DATA FOR REVIEW -
* * * * *

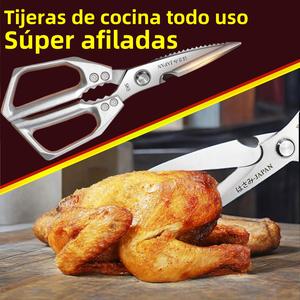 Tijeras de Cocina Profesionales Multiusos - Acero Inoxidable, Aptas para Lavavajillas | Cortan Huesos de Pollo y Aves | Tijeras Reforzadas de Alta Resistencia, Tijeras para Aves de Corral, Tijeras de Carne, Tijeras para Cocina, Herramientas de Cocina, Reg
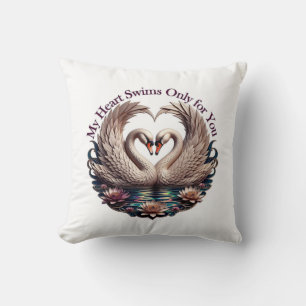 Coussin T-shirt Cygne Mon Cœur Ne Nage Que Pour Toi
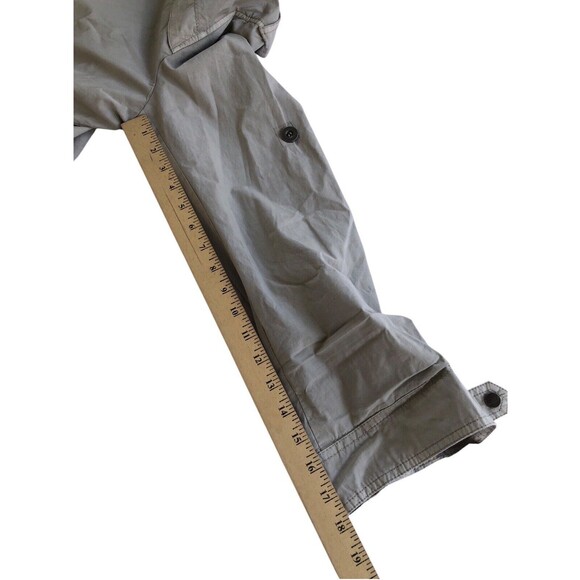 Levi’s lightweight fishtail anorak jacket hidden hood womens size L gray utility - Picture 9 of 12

* * * * *

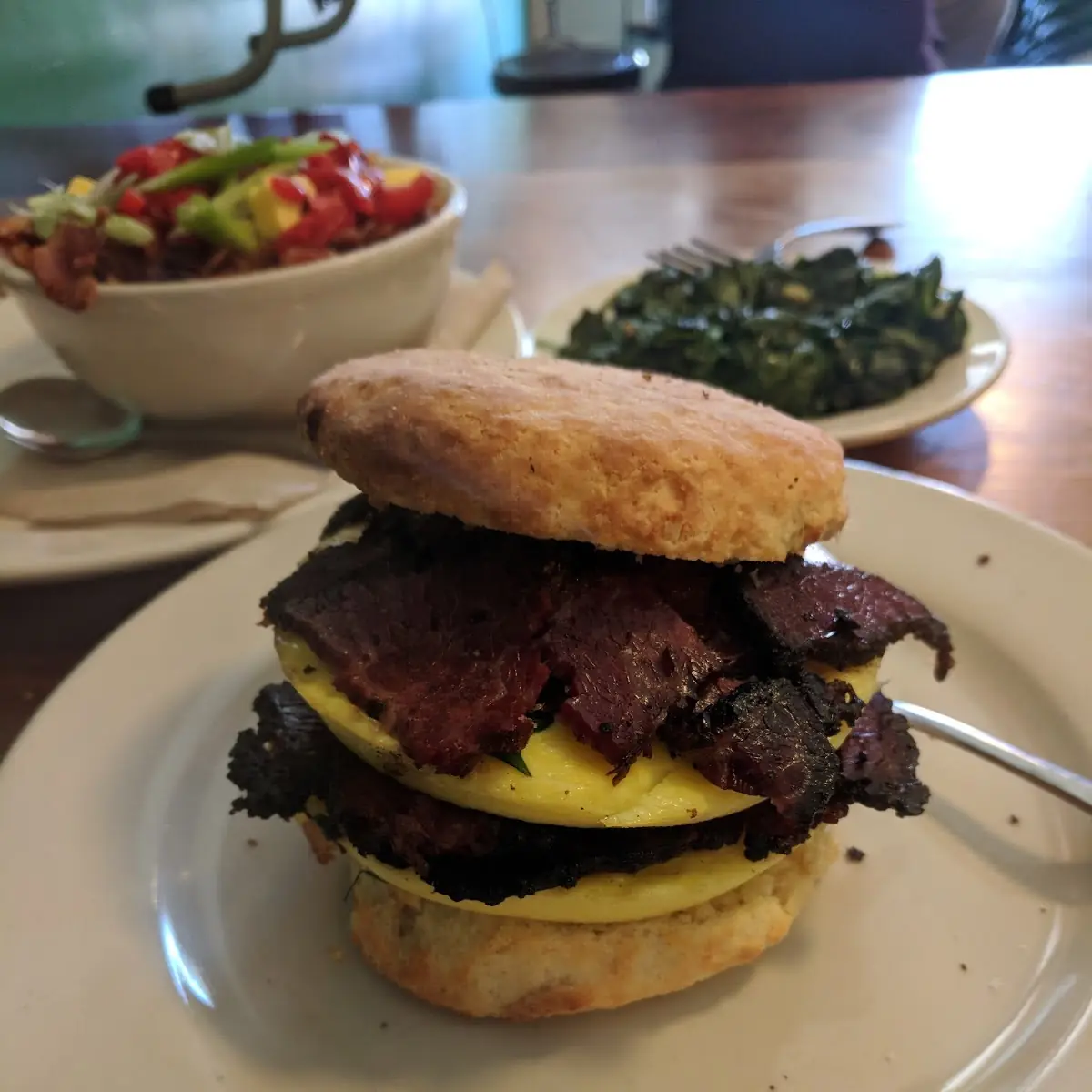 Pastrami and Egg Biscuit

* * * * *

TASK REQUIREMENTS -
Each line from the one that contains "Tijeras de Cocina" down to the one that contains "Levi’s lightweight fishtail" is to be returned exactly as it stands above, both ends included, with pictures removed.

ANSWER SPACE -
 Tijeras de Cocina Profesionales Multiusos - Acero Inoxidable, Aptas para Lavavajillas | Cortan Huesos de Pollo y Aves | Tijeras Reforzadas de Alta Resistencia, Tijeras para Aves de Corral, Tijeras de Carne, Tijeras para Cocina, Herramientas de Cocina, Reg
 Coussin T-shirt Cygne Mon Cœur Ne Nage Que Pour Toi
 Levi’s lightweight fishtail anorak jacket hidden hood womens size L gray utility - Picture 9 of 12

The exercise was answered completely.